1980s, 3/4, Review, Stanley Kubrick, War

Full Metal Jacket

Image result for full metal jacket poster

#9 in my Ranking of Stanley Kubrick films.

I can imagine myself in a few years wondering, “What did I think of that one movie?” I would pull up the blog, do a quick search, find the review, and be refreshed with my attempts at insight. My opinion that day would be reinforced by the opinion I had years back. Full Metal Jacket, though, is a film that I am always certain will have changes of opinion over time. Out of all the films that I have reviewed so far, this is the one that I feel like I could review again in a year and come to very different conclusions.

I’ve seen this film four times, and I’m still coming to terms with it. I’ve moved beyond the idea that the first forty-five minutes are a mini-movie and wholly superior to the final seventy minutes. I still think that the first section of the film on Parris Island is superior to the second long section that ends the film, but there’s definitely a deeper relationship between the Private Joker character. There are themes and motifs at play in the first half that continue into the second. I just can’t quite get past a few things that hamper the whole experience for me.

The events on Parris Island are both hilarious and horrifying, often at the same time. A group of marine recruits goes through basic training, and we latch onto two of the largely interchangeable maggots as main character, Private Joker and Private Pyle. These are, of course, not their real names, but the nicknames stick. They are robbed of who they were before walking onto the island. There’s that dehumanization idea that keeps popping up in Kubrick’s filmography. The process of training strips even the interior individuality so that they all become alike in behavior, marching perfectly in time, performing the same actions, and reacting the same way to their drill instructor.

Our two main characters have different paths to this sameness. Joker is smart and thoughtful which allows him to navigate the minefield of the instructor’s verbal jabs in ways that do him credit, eventually getting him the position of squad leader. Pyle, on the other hand, is stupid (not pejoratively, mind you, Pyle is obviously supposed to have an IQ of less than 90) and has incredible difficulty adapting to life in the corps. He has trouble telling his left from his right. He can’t master the obstacle course. He hides jelly donuts in his footlocker. It is only after Joker is forced to take Pyle under his wing that Pyle begins to shape up, turning the corner in his training, and eventually going way too far in the other direction. He becomes the ultimate psychotic killing machine, putting a round into the drill instructor’s chest after graduation before shooting himself in the head.

Just from a cinematic experience point of view, this first forty-five minutes is a tour de force. It’s nearly impressionistic and heavily reliant on editing to create the general sense of unease that pulls us in as we watch the humanity stripped so completely from Pyle to the point that he does only kill.

The second section ends up feeling both more straight forward cinematically and more confused narratively, which can create a certain letdown from a movie going point of view.
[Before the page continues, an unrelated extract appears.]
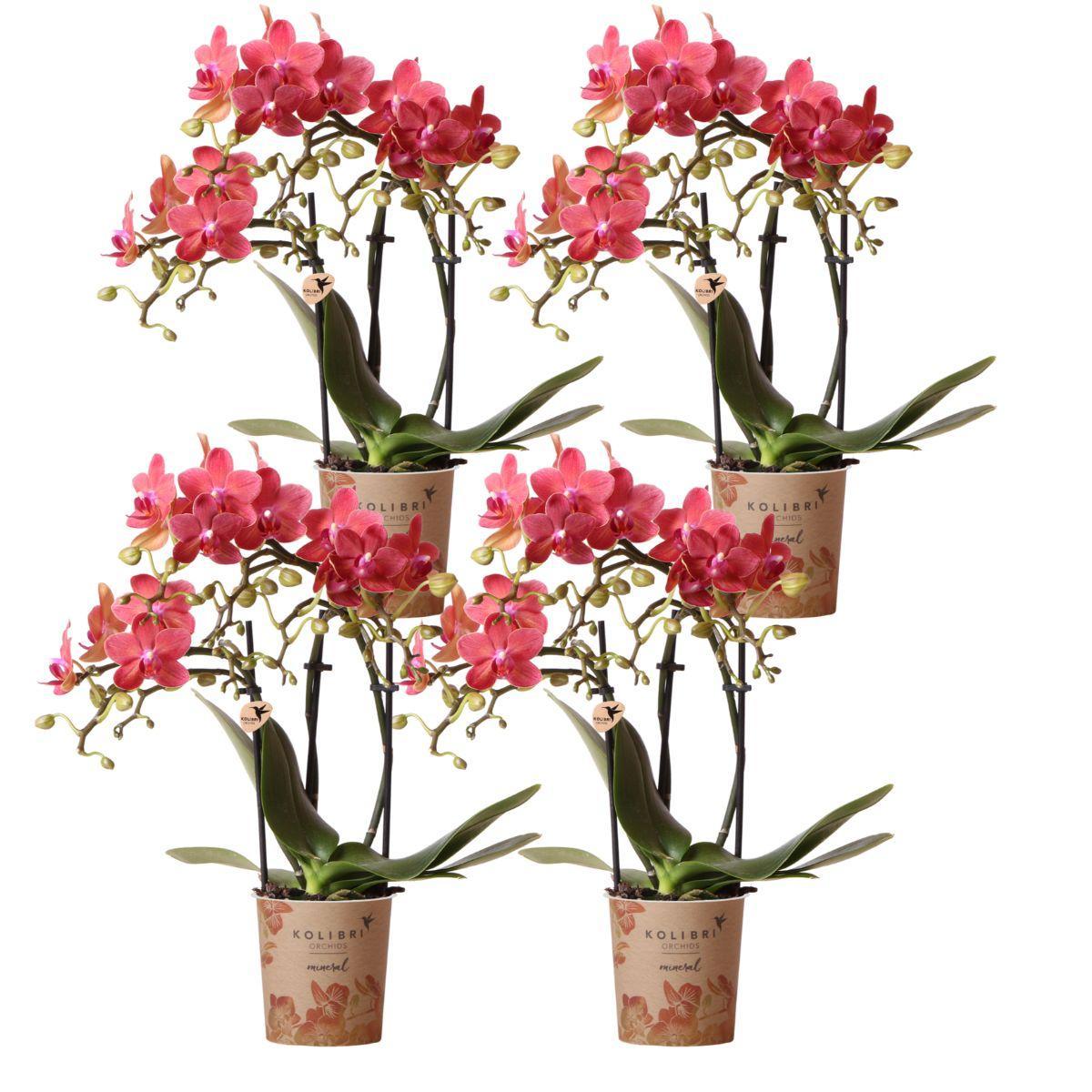 Sierplantenshop - rode Phalaenopsis orchidee - Congo - potmaat Ø9cm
However, as I wrote earlier, there are stronger connections between the two sections that my first viewings of the film originally revealed to me.

Animal Mother, for instance, seems like another version of Pyle. He seems pretty dim the first time we meet him, but he’s also obviously a great killing machine. Knowing that the movie ends with Joker leading the survivors of the film in a rendition of the theme song to “The Mickey Mouse Club House”, I began considering what that could mean more than an hour before it came up, and the idea of infantilization creeped into my brain. I began to watch as a group of children lost every parental figure they had (starting with the drill instructor) until they were faced with a great life or death situation without any guidance from a higher authority. There are also signs of the breakdown of all civilization in the face of war, an idea so big I’m not sure it fits terribly well in only seventy-minutes of screentime.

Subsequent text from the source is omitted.